# WHAT IS EXPECTED:
Repeat exactly, and only, the lines from the line bearing "ضبط مواطنين لارتكابهما" through the end of the material. Do not copy the pictures.

# DATA FOR THIS EXERCISE:
********
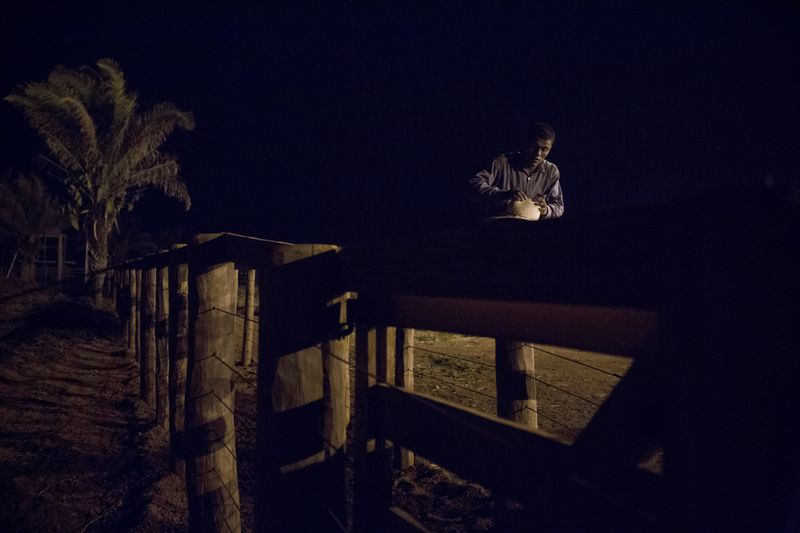 © Carolina Arantes - Image from the holy cow photography project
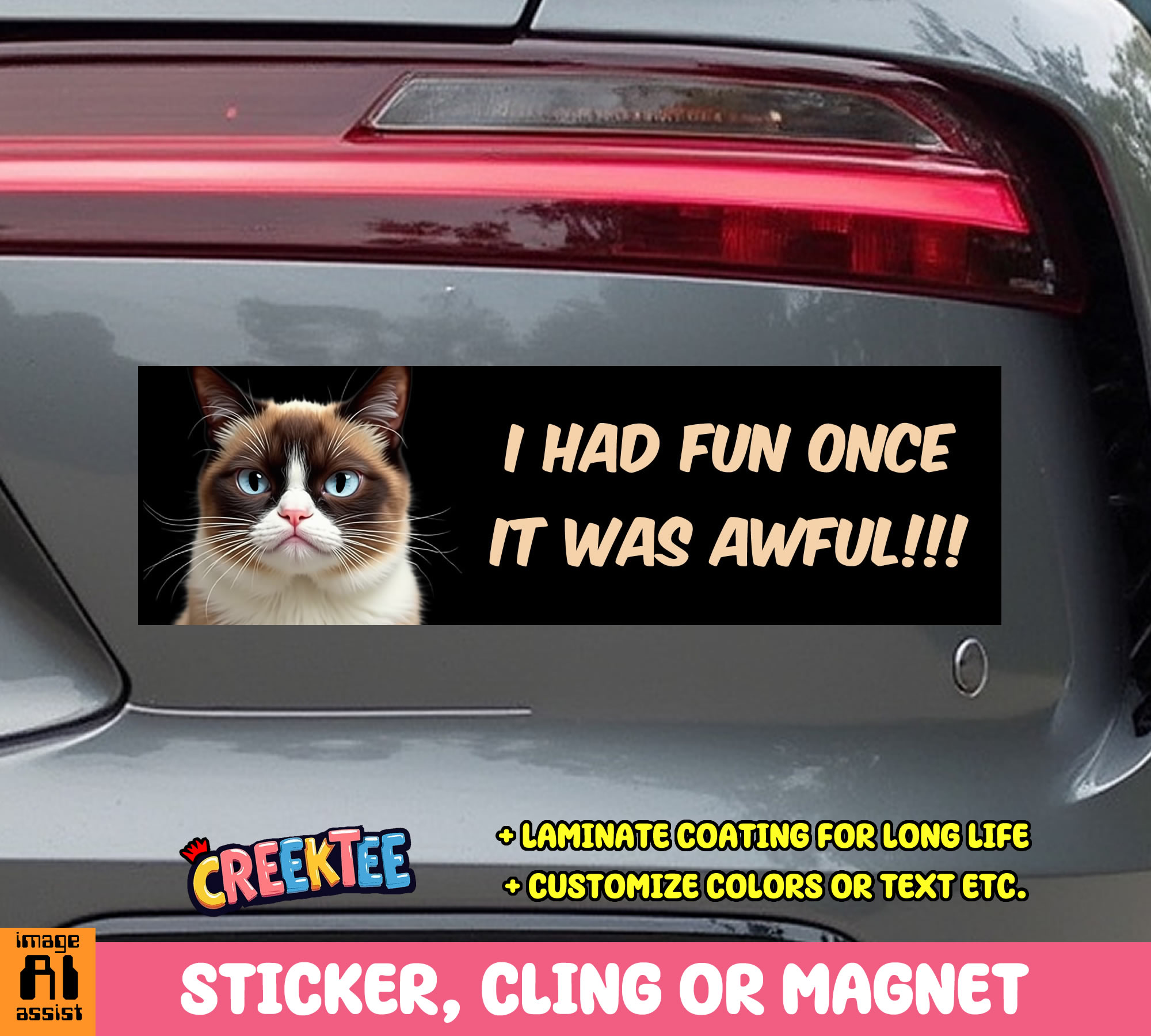 I Had Fun Once It Was Awful Vinyl Bumper Sticker  Window Cling or Magnet in UV Laminate Coating and Various Sizes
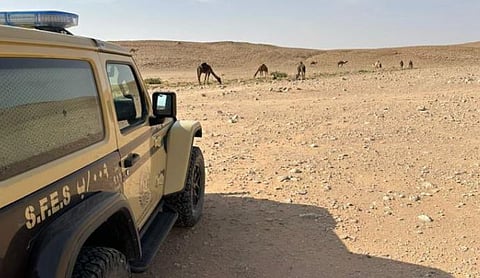 ضبط مواطنين لارتكابهما مخالفتي رعي وتخييم دون ترخيص 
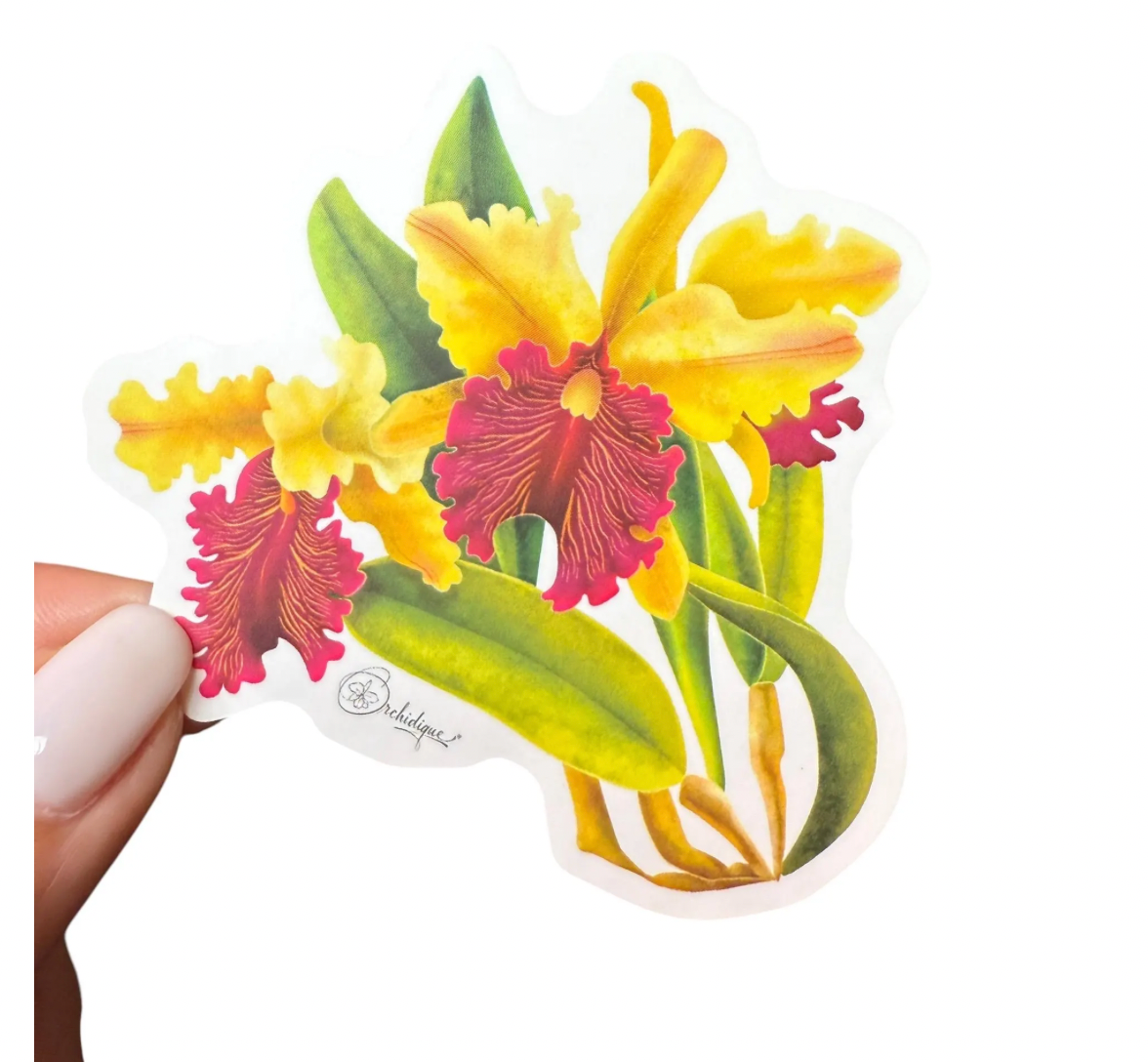 Cattleya Dowiana Sticker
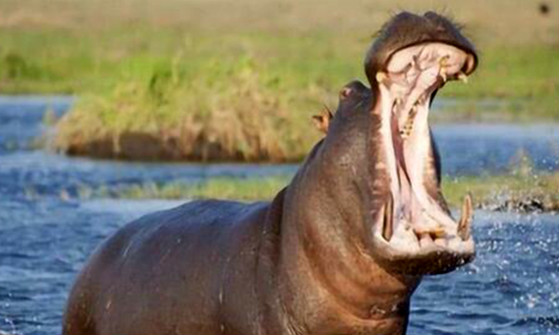 河马是什么动物类型 它是体型最大的淡水哺乳动物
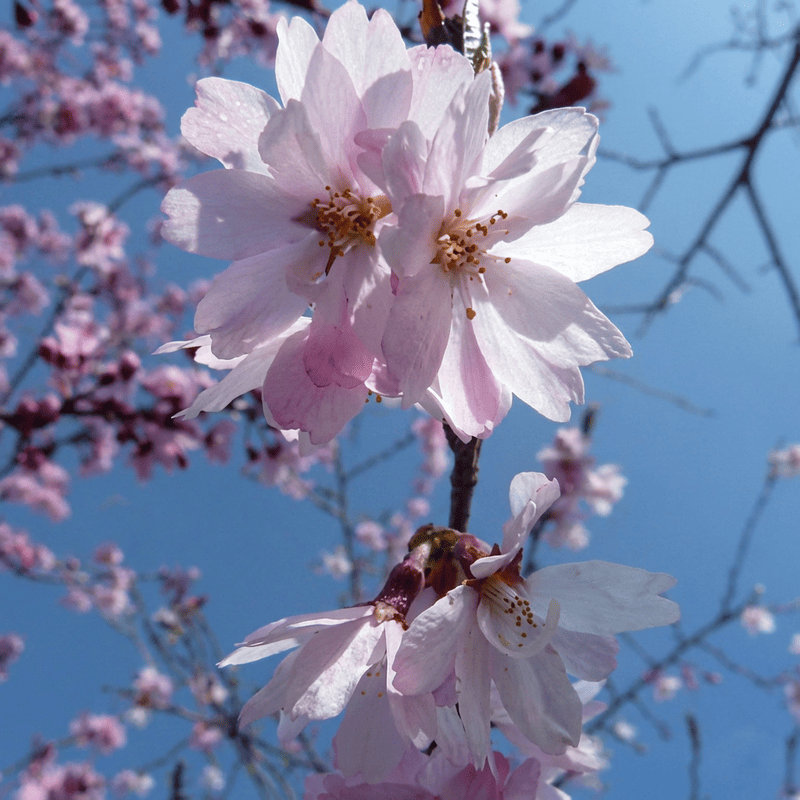 Cerisier du Japon 'Autumnalis Rosea' - Prunus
********
# EXERCISE RESPONSE:
 ضبط مواطنين لارتكابهما مخالفتي رعي وتخييم دون ترخيص 
 Cattleya Dowiana Sticker
 河马是什么动物类型 它是体型最大的淡水哺乳动物
 Cerisier du Japon 'Autumnalis Rosea' - Prunus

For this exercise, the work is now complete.